Ano a ano, os espetáculos organizados e protagonizados por voluntários têm atraído multidões que se emocionam, seja pela narrativa de fé, ou ainda pela sensibilidade artística dos atores amadores, que se dedicam a representar os principais personagens da história que conta os últimos dias de Cristo e sua vitória sobre a morte.
Comumente realizadas na área central dos municípios, próximas de igrejas, as encenações acabam sendo também uma opção cultural para reunir as famílias durante o feriado de Páscoa. Os espetáculos que encantam os espectadores e os fiéis costumam ser realizados a muitas mãos, todas voluntárias.

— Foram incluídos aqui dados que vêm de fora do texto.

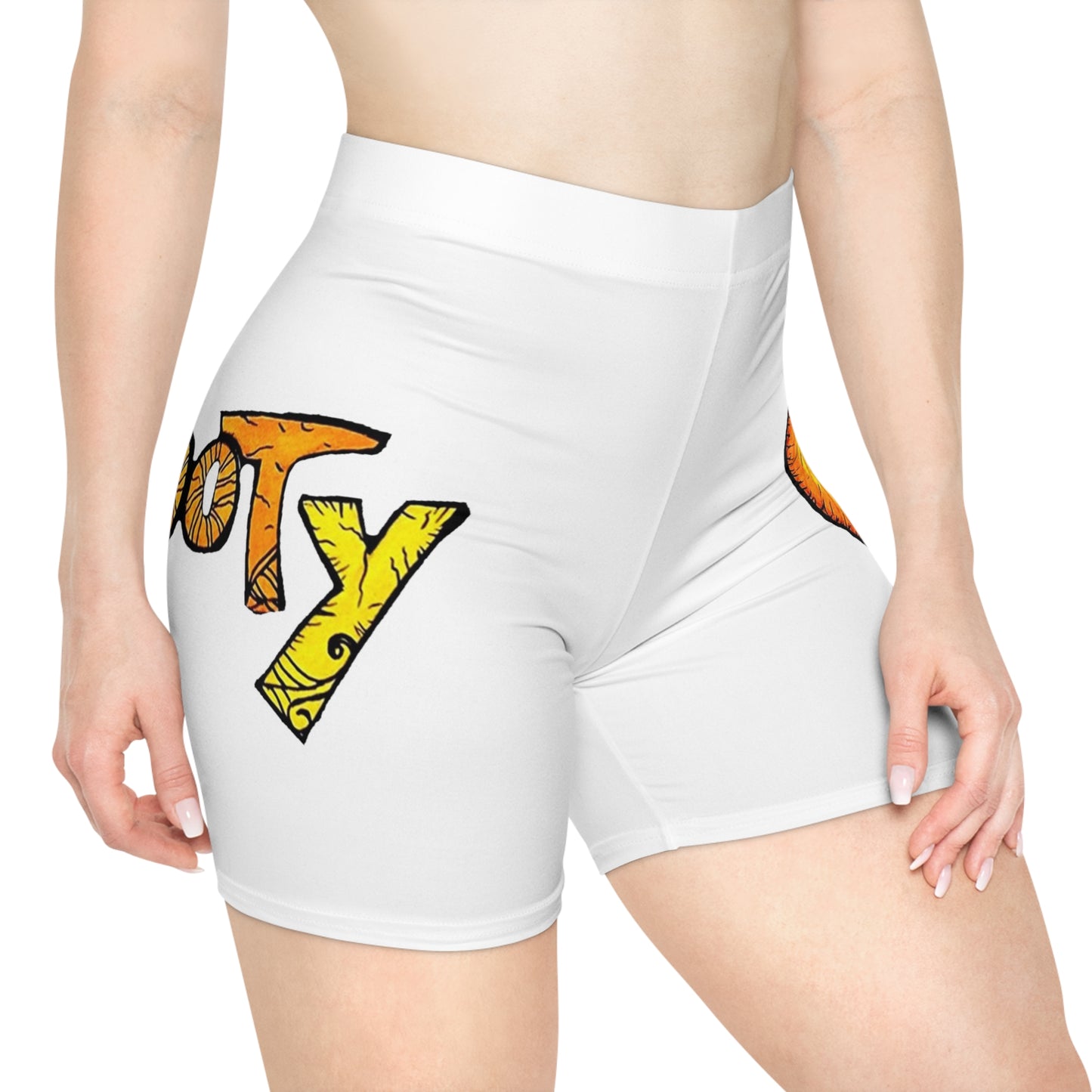 Onion Booty (Across) (Women's Biker Shorts)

Entre os envolvidos, estão pessoas conhecidas da comunidade, que vem sendo reconhecidas pela sua entrega ao longo dos anos de atuação. Leia a seguir, a história de quatro cidadãos serranos que se descobriram atores por meio dessas encenações e há anos integram os elencos que representam a Paixão de Cristo.

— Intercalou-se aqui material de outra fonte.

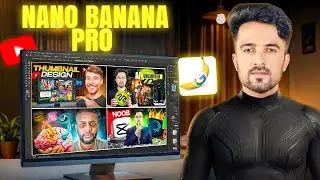 Used Nano Banana Pro AI to Create 4K Images and Pro Thumbnails in Minutes!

Vocação para interpretar Jesus

Quando tinha sete anos, Giovani Mattiello assistiu ao tio interpretar Jesus durante uma encenação em Garibaldi. A admiração, naquele momento, se tornou inspiração para a participação dele, que se tornou o intérprete mais longevo de Cristo nas representações da cidade — foram 12 anos vivendo o filho de Deus.
— A primeira vez que interpretei Jesus tinha 18 anos. Aconteceu por acaso. A pessoa que iria fazer o papel desistiu um mês antes da encenação. Os organizadores precisavam de alguém que conhecia as cenas. Então, acabei assumindo o papel — conta.

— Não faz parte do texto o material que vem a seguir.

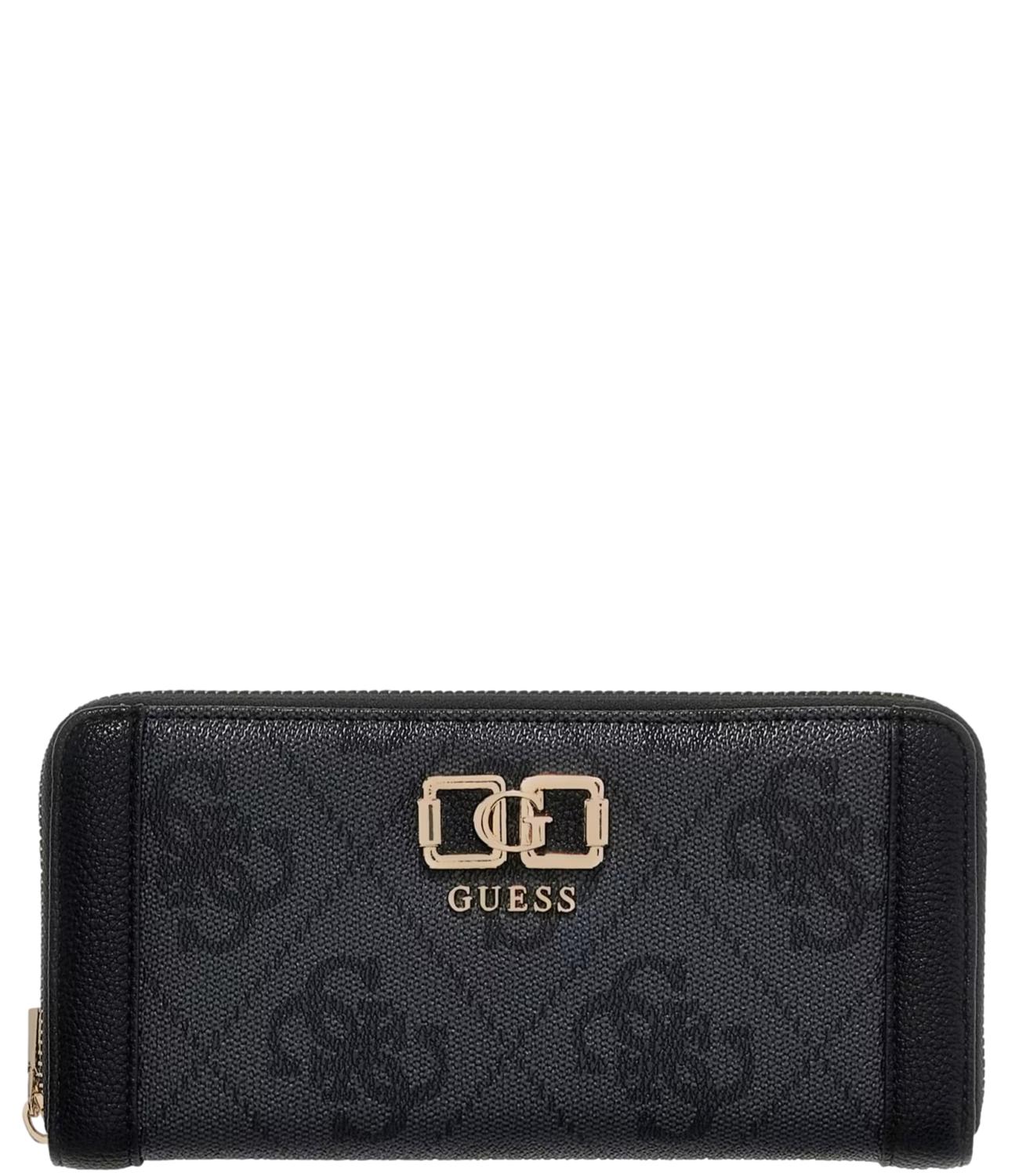Guess Portafoglio Maxi Nero Logo Donna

Nos anos que seguiram o convite foi renovado. Por isso, Mattiello passou a adaptar o visual ao personagem, deixando barba e cabelo longos. Paralelo à isso, começou a estudar teologia.
— Sempre foi uma preparação mais espiritual do que técnica. Na encenação não pode ter vaidade, não pode ter nenhum sentimento meu. Tanto que, quando eu encenava, olhava para o céu em busca de Deus. Tentava me colocar ali como se, de fato, eu fosse Jesus — explica.
Há cerca de três anos Mattiello encerrou seu ciclo como Jesus. Contudo, segue na organização da encenação de Garibaldi. Ao todo, são 25 anos dedicados ao trabalho voluntário para realizar o espetáculo que une comunhão da fé com emoção.
Escolhido para encenar

Na juventude, César Campeol era um típico roqueiro: cabelo longo e barba comprida, trajado em roupas pretas. A transposição para o personagem bíblico aconteceu a pedido de uma catequista, moradora da mesma comunidade, no interior de Carlos Barbosa.
— Ela me convidou para fazer uma participação em uma celebração local. Fui lá receber as crianças. Depois disso me indicaram para interpretar Jesus na encenação da cidade — relembra.
O ano era 2000 e, desde então, Campeol tem sido o Jesus que percorre os três quilômetros entre a Igreja Matriz, no centro do município, até o Morro Calvário, onde a encenação termina.
Conforme revela Campeol, já são 25 anos interpretando o personagem na data mais importante da fé cristã.
— É uma responsabilidade dentro e fora da encenação, porque para viver Jesus é preciso cuidar das atitudes, precisa se manter na linha. Eu tento seguir o que ele ensinou, ir por esse caminho. Sempre que termina dá uma sensação de paz, alívio — revela.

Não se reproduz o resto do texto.